The analysis, released last week, notes that investors that were traditionally attracted to the junior mining space have a secondary option, where the valuations are higher and forecast demand is reportedly worth billions.

Andrawes’ report notes that investments in Canadian marijuana companies increased from C$43-million to C$770-million from the first half of 2016 to the first half of 2017, a massive surge year-on-year.

In his analysis, he points out that the cannabis industry is the trend du jour, with a promise of growth and returns that has investors “enamoured.”

While he hesitates to attribute the downward trend in investment for Canadian juniors to cannabis alone, owing to several “scathing reports” from analysts looking at the other challenges plaguing Canadian juniors, he does note that cannabis companies account for a significant portion of the redistributed investment.

Andrawes notes that the reality is that obtaining funds from equity markets is becoming more difficult for junior miners, with the number of listed mining companies on the TSX and the TSX-V declining by 25% from 2017 (69 listed companies) to 2018 (55 listed companies).

The total market share of mining companies on the TSX-V declined from 45% in December 2017 to 35% in January 2019, while Life Sciences has grown from 13% in December 2017 to 19% in January 2019, of which cannabis companies, alone, account for 13%.

“More evidence to indicate that juniors are finding it hard to secure equity is their declining number of financing transactions on the TSX-V, which saw a 25% decline in 2018. We also note that [the financing of] juniors . . . decreased by 58% for the TSX and 23% for the TSX-V from 2017 to 2018,” the report states.

Andrawes refers to a comment that junior mining analyst John Kaiser made in the Canadian business newspaper Financial Post in 2014: he suggested that cannabis could ignite “an institutional, structural collapse [for junior miners] at multiple levels”.

Andrawes’ report suggests that the Canadian stock exchanges seem to demonstrate a “perfect storm of synchronised industry movement” that might result in a fundamental change where juniors will need to seek funding elsewhere.

“The problem of declining investment in exploration is the risk that demand will ultimately outstrip supply, causing price spikes and market volatility,” he explains, adding that forecast demand for metals will “inevitably go up”, as the world is driven by the electrification of industries.

“However, without junior miners being able to secure the right capital, the industry will forever be stuck in the boom-bust cycle.”

The report notes that exploration expenditure has been increasing, despite the mining sector’s difficulty in raising funds. Andrawes adds that even this positive trend is tinged with the fact that the increased spend has been on brownfield projects rather than greenfield projects.

“It appears that companies with more advanced projects, where the risks are lower, are finding it easier to attract risk capital,” the report says.

It stresses that, if new greenfield projects are not being explored this will reduce the number of new projects that will be developed in the future, which would cause a glut in the market.

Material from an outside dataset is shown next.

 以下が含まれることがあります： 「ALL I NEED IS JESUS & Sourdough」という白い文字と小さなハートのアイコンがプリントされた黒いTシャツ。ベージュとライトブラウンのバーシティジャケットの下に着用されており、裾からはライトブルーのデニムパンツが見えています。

Andrawes notes that, as there is compelling evidence that risk capital has “found a new home”, the question now shifts to how and where junior miners will find the capital they need to sustain their businesses.

He notes that BDO attended the Prospectors & Developers Association of Canada (PDAC) event last month, where discussions explored possible alternative funding sources, including moving away from Canadian exchanges to the exchanges in London or Australia.

A shift to other exchanges might be feasible, given the relative maturity of the Canadian junior mining sector, which has in excess of 1 000 junior mining companies.

Andrawes adds that commodity streamers and royalty investors were “very” visible at the PDAC event and that, while there is a perception that these types of ventures offer “a very expensive option” for juniors, in some cases, it may be the only option.